# Clustering StackOverflow Q&A

EPFL Big Data Analysis Week 2 Assignment
https://www.coursera.org/learn/scala-spark-big-data/home/info

"The overall goal of this assignment is to implement a distributed k-means algorithm which clusters posts on the popular question-answer platform StackOverflow according to their score. Moreover, this clustering should be executed in parallel for different programming languages, and the results should be compared.

The motivation is as follows: StackOverflow is an important source of documentation. However, different user-provided answers may have very different ratings (based on user votes) based on their perceived value. Therefore, we would like to look at the distribution of questions and their answers. For example, how many highly-rated answers do StackOverflow users post, and how high are their scores? Are there big differences between higher-rated answers and lower-rated ones?"
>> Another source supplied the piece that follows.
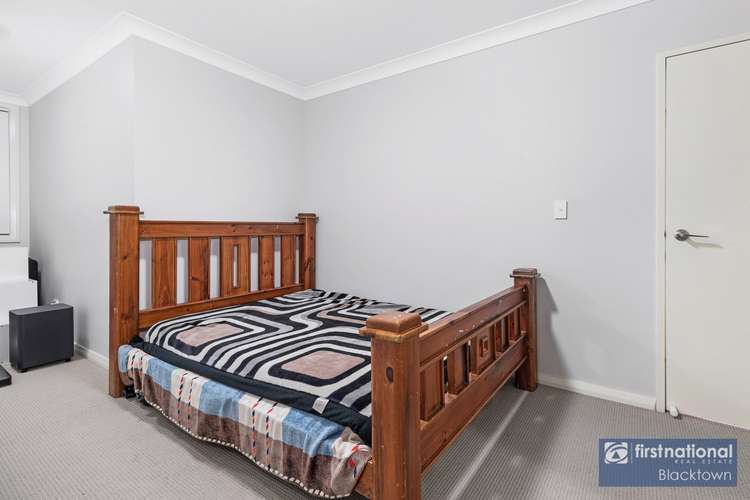 Second view of Homely apartment listing, 101/10 Junia Avenue, Toongabbie NSW 2146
Data file download link: http://alaska.epfl.ch/~dockermoocs/bigdata/stackoverflow.csv

**WORK IN PROGRESS**

In [1]:
import time

# Credits to Fahim Sakri 
# Source (https://medium.com/pythonhive/python-decorator-to-measure-the-execution-time-of-methods-fa04cb6bb36d)
# An annotation for timing a python function
def timeit(method):
    def timed(*args, **kw):
        ts = time.time()
        result = method(*args, **kw)
        te = time.time()
        if 'log_time' in kw:
            name = kw.get('log_name', method.__name__.upper())
            kw['log_time'][name] = int((te - ts) * 1000)
        else:
            print ("%r  %2.2f ms" % (method.__name__, (te - ts) * 1000))
        return result
    return timed

from post import Post

In [2]:
## Setup
from pyspark.sql import SparkSession
from pyspark.sql import Row
from pyspark import SparkConf, SparkContext
import pandas as pd
import numpy as np

spark = SparkSession \
    .builder \
    .appName("EPFL Wk2 Assignment") \
    .getOrCreate()
        
spark.conf.set("spark.executor.instances", 1)
spark.conf.set("spark.executor.cores", 1)
spark.conf.set("spark.cores.max", 1)
spark.sparkContext.addPyFile('post.py')

# Create RDD
data = spark.read.csv('/data/epfl-big-data-analysis/stackoverflow.csv', header=False, inferSchema=True)
data = data.withColumnRenamed("_c0", "post_type_id") # type 1 = question, type 2 = answer
data = data.withColumnRenamed("_c1", "id")
data = data.withColumnRenamed("_c2", "acceptedAnswerId")
data = data.withColumnRenamed("_c3", "parentId")
data = data.withColumnRenamed("_c4", "score")
data = data.withColumnRenamed("_c5", "tag")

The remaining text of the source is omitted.